The Master Switch
Tim Wu interviewed
by Brooke Gladstone
On The Media (November 12 2010)
Interested in where the internet was headed, Columbia law professor Tim Wu sought an answer in the history of information technologies. He discovered that in the last 150 years, the telegraph, telephone, movies, radio and television each followed a distinct cycle. And that cycle, as he argues in his new book The Master Switch (2010) , predicts that the openness of the internet will soon be no more.
BROOKE GLADSTONE: For anyone thrilled at the wide-open freedom of the Internet, the inevitable question is how long can it last?
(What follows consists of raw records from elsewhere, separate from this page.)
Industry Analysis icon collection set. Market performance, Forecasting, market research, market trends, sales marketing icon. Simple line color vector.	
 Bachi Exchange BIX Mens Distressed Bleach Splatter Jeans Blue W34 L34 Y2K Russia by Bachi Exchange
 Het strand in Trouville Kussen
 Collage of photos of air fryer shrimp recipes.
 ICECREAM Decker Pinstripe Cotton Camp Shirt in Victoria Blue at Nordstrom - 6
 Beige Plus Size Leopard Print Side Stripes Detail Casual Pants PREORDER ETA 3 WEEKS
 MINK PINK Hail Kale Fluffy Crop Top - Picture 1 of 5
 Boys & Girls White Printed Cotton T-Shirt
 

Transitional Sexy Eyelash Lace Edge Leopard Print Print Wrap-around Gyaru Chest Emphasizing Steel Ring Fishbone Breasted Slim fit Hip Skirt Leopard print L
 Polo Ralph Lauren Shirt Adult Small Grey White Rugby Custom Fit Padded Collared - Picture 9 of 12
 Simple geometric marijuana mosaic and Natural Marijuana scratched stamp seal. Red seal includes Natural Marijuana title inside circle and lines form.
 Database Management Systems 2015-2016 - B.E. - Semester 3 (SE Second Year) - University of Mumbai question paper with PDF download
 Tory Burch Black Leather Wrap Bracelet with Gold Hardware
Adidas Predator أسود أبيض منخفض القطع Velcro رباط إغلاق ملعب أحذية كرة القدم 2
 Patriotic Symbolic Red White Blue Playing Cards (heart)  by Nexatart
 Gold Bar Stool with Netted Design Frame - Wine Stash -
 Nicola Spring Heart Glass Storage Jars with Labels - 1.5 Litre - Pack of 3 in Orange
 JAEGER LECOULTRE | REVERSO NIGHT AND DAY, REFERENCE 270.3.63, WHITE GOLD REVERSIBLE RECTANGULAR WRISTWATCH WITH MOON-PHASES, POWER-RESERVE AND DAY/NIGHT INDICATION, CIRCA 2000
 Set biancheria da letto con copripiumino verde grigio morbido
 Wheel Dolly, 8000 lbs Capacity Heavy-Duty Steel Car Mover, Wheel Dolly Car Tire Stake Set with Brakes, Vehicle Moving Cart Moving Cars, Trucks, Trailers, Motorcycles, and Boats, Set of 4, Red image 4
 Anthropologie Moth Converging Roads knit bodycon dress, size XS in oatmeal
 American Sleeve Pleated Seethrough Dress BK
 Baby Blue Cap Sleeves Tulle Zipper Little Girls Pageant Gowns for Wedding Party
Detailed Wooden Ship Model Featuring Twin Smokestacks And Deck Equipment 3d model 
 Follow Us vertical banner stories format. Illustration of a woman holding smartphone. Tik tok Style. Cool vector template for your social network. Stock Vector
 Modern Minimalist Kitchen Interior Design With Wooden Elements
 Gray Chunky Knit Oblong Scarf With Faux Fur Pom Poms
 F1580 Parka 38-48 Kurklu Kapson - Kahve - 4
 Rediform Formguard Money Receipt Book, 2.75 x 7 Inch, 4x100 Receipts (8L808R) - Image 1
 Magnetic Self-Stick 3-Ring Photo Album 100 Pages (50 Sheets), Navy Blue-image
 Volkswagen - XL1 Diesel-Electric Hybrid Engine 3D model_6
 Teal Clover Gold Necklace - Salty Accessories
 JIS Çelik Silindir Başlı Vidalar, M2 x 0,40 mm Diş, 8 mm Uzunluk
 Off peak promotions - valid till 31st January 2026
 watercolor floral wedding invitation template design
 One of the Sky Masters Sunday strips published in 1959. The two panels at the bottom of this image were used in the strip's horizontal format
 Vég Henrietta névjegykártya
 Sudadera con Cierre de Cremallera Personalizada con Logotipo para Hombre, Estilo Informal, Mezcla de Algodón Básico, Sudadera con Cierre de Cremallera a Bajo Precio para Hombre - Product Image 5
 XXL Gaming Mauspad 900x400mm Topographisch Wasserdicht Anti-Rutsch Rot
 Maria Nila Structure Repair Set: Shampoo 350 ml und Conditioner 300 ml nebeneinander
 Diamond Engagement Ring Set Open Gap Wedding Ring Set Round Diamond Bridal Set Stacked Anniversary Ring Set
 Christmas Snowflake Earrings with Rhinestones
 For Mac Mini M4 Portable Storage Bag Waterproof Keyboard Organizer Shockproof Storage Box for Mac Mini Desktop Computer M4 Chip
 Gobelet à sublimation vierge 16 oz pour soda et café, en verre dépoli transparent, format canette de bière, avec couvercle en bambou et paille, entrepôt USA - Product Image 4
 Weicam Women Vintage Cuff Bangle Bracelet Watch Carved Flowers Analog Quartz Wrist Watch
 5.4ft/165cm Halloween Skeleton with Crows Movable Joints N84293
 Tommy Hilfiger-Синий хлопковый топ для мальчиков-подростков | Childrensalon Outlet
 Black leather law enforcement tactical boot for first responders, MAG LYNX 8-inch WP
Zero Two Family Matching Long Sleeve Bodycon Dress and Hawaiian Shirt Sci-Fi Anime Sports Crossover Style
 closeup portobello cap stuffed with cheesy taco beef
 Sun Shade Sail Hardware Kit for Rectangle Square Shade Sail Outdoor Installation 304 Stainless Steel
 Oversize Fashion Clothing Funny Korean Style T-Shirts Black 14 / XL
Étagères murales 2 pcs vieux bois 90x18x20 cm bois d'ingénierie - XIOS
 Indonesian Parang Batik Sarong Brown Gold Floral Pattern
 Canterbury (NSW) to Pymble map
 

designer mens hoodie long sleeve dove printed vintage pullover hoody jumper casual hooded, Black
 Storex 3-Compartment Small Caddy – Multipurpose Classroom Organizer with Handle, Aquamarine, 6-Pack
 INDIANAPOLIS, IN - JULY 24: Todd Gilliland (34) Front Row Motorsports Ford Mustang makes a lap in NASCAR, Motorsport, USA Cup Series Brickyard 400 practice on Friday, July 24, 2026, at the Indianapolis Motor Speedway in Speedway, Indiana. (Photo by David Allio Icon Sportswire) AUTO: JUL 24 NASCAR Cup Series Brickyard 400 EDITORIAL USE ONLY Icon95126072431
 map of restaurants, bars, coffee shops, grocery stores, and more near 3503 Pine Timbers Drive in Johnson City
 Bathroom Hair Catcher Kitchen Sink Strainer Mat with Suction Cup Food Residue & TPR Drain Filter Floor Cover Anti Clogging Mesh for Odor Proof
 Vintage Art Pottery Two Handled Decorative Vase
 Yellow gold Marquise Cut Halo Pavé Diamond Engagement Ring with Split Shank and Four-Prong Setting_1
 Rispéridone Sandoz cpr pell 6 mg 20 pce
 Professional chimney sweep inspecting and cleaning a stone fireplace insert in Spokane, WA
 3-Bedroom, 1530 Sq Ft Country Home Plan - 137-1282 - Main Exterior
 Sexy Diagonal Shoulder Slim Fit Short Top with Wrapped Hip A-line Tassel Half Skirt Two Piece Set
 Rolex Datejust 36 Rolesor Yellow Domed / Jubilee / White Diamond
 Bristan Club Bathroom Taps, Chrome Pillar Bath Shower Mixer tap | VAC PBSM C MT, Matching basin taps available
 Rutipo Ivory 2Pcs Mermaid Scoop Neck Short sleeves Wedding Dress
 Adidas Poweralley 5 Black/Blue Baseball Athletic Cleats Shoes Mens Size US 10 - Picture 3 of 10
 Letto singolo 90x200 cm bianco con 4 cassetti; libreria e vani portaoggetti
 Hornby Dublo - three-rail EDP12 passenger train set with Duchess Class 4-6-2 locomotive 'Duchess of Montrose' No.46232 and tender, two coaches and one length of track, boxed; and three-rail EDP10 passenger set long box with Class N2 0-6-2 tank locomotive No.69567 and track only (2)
Tim Wu, a professor at Columbia University Law School, looks to history for the answer, and the answer is, not very long, unless we actively intervene. He sees a cycle in the evolution of all the other great information technologies of the last 150 years - the telegraph, the movies, radio. They start out wild and wooly until they are tamed and caged by men who would be emperors.
Their empires, monopolies like AT&T and the early TV networks, wielded extraordinary power over the delivery and often the content of the information all of us received, a power described by a CBS executive in the 1950s as, quote: "the exclusive custody of the master switch".
In his book, called The Master Switch, Tim Wu describes the cycle that transforms a technological revolution into a monopoly. Consider the telephone. What started as a promising but buggy invention by Alexander Graham Bell turned into a juggernaut in the hands of empire builder Theodore Vail.
TIM WU: When Vail came to AT&T in 1970, it was a company that had less than half of the market share for telephones. There were hundreds, maybe thousands of competitors. It was a vibrant, open market. And what Vail did was to unify it all into a single consolidated monopoly.
BROOKE GLADSTONE: Now, as we pursue this cycle, AT&T consolidated its power. It was very efficient in delivering service but, as you note, it only encouraged innovation and invention that bolstered its monopoly and it crushed those innovations that didn't.
TIM WU: There is a repeat pattern we see with America's information monopolists. A new invention is created by a disruptive inventor and it goes through a period of openness, entrepreneurial activity, a kind of a boom, and eventually, and typically, some great strongman arises who integrates the entire industry into a lasting monopoly.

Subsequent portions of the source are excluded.